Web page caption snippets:

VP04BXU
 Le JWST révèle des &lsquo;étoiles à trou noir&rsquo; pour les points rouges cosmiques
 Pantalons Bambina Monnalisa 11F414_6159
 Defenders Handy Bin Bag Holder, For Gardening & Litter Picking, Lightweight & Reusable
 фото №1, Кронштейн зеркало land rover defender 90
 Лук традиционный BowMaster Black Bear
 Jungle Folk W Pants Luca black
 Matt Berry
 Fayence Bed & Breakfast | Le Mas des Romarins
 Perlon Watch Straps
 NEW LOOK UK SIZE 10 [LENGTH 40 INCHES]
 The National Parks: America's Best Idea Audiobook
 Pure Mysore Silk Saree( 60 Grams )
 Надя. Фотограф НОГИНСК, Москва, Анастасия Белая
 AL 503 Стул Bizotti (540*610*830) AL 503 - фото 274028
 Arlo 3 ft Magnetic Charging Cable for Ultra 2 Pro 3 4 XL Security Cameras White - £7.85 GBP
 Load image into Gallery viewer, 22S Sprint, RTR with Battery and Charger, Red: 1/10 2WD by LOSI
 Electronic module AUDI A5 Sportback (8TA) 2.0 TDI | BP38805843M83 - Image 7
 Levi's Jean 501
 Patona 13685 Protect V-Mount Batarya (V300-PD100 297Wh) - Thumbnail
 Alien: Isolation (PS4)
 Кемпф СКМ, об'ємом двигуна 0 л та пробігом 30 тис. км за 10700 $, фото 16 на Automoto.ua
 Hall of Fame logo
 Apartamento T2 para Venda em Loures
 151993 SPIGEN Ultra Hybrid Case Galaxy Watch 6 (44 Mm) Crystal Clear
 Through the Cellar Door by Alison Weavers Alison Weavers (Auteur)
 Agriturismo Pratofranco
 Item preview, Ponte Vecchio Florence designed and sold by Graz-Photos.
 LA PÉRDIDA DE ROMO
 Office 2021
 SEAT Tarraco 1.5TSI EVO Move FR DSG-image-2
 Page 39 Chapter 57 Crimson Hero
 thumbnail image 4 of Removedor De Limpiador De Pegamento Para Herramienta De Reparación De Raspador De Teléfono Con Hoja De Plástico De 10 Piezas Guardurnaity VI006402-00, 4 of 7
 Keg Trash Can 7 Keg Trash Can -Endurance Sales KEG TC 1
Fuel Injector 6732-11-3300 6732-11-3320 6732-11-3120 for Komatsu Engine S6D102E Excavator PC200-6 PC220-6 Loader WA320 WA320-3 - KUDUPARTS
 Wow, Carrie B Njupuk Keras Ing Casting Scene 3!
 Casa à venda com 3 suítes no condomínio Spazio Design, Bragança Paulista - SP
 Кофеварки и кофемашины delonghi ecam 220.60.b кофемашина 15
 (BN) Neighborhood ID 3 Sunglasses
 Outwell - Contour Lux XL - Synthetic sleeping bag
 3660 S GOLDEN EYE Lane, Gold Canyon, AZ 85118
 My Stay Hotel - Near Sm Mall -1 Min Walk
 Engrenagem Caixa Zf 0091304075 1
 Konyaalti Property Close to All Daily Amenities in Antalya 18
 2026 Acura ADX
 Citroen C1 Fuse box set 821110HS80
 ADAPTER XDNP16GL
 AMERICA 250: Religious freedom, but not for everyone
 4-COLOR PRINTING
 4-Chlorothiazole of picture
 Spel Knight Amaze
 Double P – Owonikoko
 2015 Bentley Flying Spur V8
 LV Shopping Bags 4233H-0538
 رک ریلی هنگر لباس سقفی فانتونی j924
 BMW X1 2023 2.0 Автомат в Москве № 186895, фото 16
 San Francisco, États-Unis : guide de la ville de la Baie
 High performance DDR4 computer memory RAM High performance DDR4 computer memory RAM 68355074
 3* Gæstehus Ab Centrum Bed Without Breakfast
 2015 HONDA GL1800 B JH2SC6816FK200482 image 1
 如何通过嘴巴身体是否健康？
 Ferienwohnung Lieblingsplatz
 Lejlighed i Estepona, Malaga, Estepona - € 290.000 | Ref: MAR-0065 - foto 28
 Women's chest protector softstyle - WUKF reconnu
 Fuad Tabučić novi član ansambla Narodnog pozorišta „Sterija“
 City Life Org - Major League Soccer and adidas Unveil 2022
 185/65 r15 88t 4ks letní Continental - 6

=== DIRECTIONS FOR THIS TASK ===
Which lines run from the one containing "3* Gæstehus Ab Centrum Bed Without Breakfast" to the end of the entries above? Print them exactly, both ends included, and nothing else.

=== YOUR SOLUTION ===
 3* Gæstehus Ab Centrum Bed Without Breakfast
 2015 HONDA GL1800 B JH2SC6816FK200482 image 1
 如何通过嘴巴身体是否健康？
 Ferienwohnung Lieblingsplatz
 Lejlighed i Estepona, Malaga, Estepona - € 290.000 | Ref: MAR-0065 - foto 28
 Women's chest protector softstyle - WUKF reconnu
 Fuad Tabučić novi član ansambla Narodnog pozorišta „Sterija“
 City Life Org - Major League Soccer and adidas Unveil 2022
 185/65 r15 88t 4ks letní Continental - 6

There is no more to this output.